# [Source data]
________
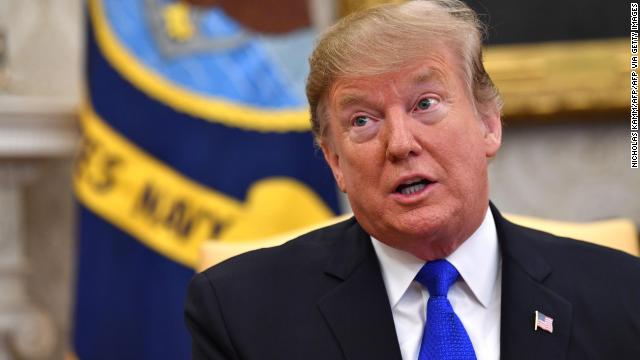 Trump's tax records are now in the hands of New York prosecutors after the Supreme Court denied the former President's efforts to keep them private https://t.co/isDN00OhCO https://t.co/C1HEB0hUzY
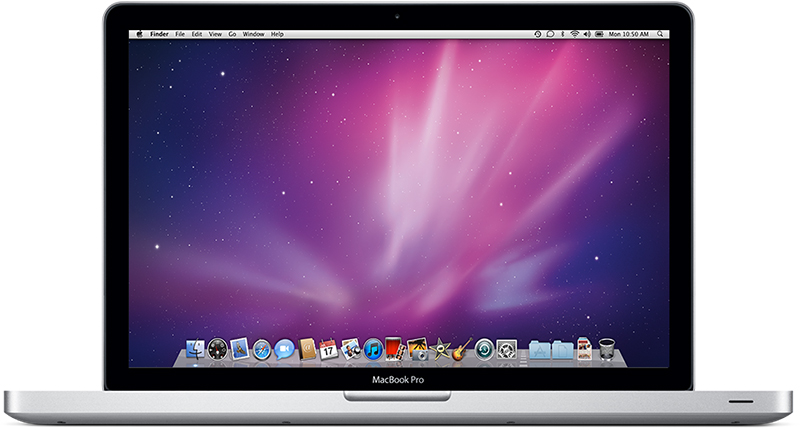 macbook-pro-awal-2011-perangkat-15in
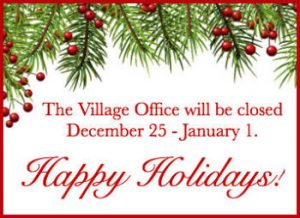 Holiday_Hours
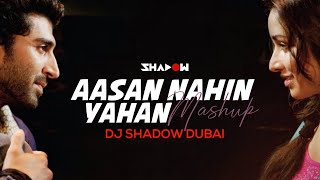 Download lagu Aasan Nahin Yahan Lyrics | Arijit Singh | आसान नहीं यहाँ गीत mp3 Download lagu Aasan Nahin Yahan Lyrics | Arijit Singh | आसान नहीं यहाँ गीत mp3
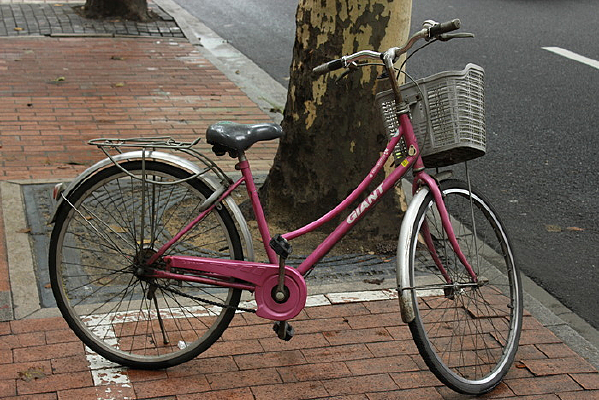 ��ɫ���߳�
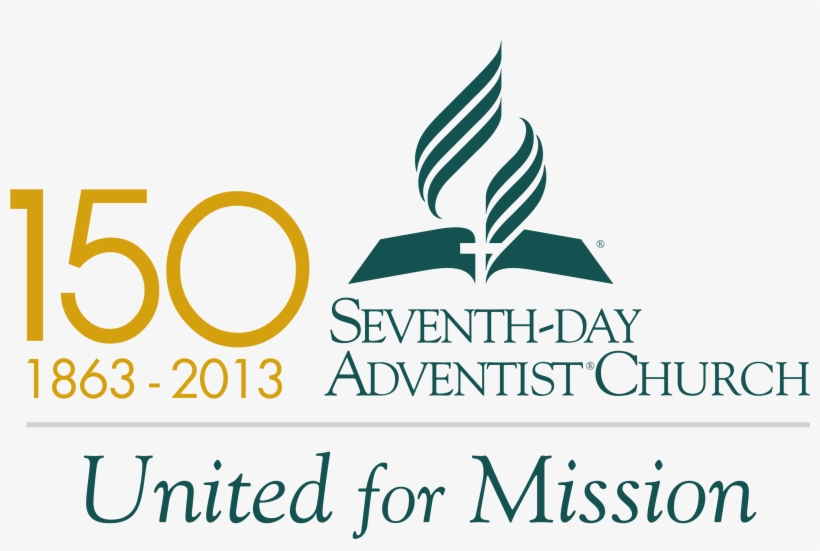 Resources - Sda General Conference 2020, transparent png download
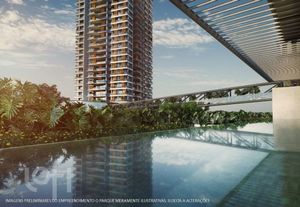 Image 25 - 339591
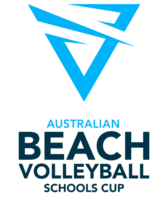 2025 Australian Beach Volleyball Schools Cup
________
Return, exactly and without extra lines, everything from the line with "गीत mp3 Download" through the last line of the material above, both included. Pictures must be dropped.

# [Written solution]
 Download lagu Aasan Nahin Yahan Lyrics | Arijit Singh | आसान नहीं यहाँ गीत mp3 Download lagu Aasan Nahin Yahan Lyrics | Arijit Singh | आसान नहीं यहाँ गीत mp3
 ��ɫ���߳�
 Resources - Sda General Conference 2020, transparent png download
 Image 25 - 339591
 2025 Australian Beach Volleyball Schools Cup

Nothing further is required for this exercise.